We are using the newest version of oor. On one machine it is working, but on another one it always crashes. The only difference we found so far is that the IP addresses are different. I have the config and log files attached. oor.zip

albert-lopez commented 5 years ago

Could you send me a back trace of the segmentation fault using valgrind? Which version are you using? master or testing?

v0101 commented 5 years ago

Hey, Thanks for your answer. We are using version 1.3 The information I can give right now is: `Program terminated with signal 11, Segmentation fault. 

0  0x000000000044aef6 in sockmstr_wait_on_all_read (m=0x142a190) at lib/sockets.c:255

255             FD_SET(sit->fd, &m->readfds); ` Is that of any help? If not, we must try to get valgrind to the system.

BR

albert-lopez commented 5 years ago

I have tried to reproduce the error without success and according to the provided data, the segmenetion is produced in a part of the code very hard to debug. Could you give me some more details about the platform you are using? (linux, openWrt, cpu architecture ...) . Is the crash produced always? Does it crash If you start the machine isolated from other LISP devices (no packet received from other devices) In the oor.c file, can you replace:

if !defined(ANDROID) && !defined(OPENWRT)

/* Initialize API for external access */
oor_api_init_server(&oor_api_connection);

for (;;) {
    sockmstr_wait_on_all_read(smaster);
    sockmstr_process_all(smaster);
    oor_api_loop(&oor_api_connection);
}

else

for (;;) {
    sockmstr_wait_on_all_read(smaster);
    sockmstr_process_all(smaster);
}

endif

By

for (;;) {
    sockmstr_wait_on_all_read(smaster);
    sockmstr_process_all(smaster);
}

This disable the netconf part of OOR and simplify the scenario.

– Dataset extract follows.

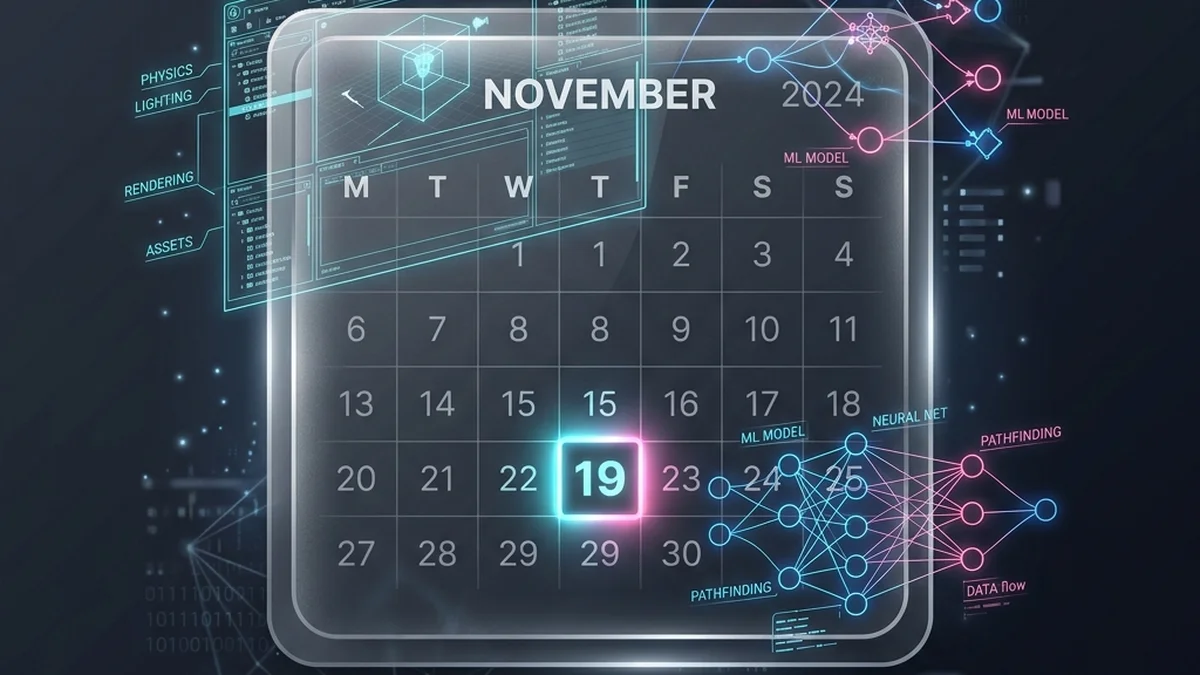 A calendar glowing 19 overlaid with holographic wireframes of a game engine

v0101 commented 5 years ago

The system is a RHEL 6. Weird thing is, that on one system it is working, on the other one it isn't. So I guess it has to do something with the network configuration. But there we also couldn't find any difference. valgrind-leak-check.log valgrind-track-origins.log valgrind.log

albert-lopez commented 5 years ago

I see a strange thing in your LOGs line 71. It is trying to open an IPv6 socket but it fails. Could you try to run oor using the parameter -a 4? This will force to only use IPv4. Let me know if with this option the system also crashes or not

v0101 commented 5 years ago

With the option -a 4 it is working. There is no IPv6 anywhere in the configuration, so is still weird, since on the other machine it is working, with, which looks like, the same configuration. There IPv6 is also disabled.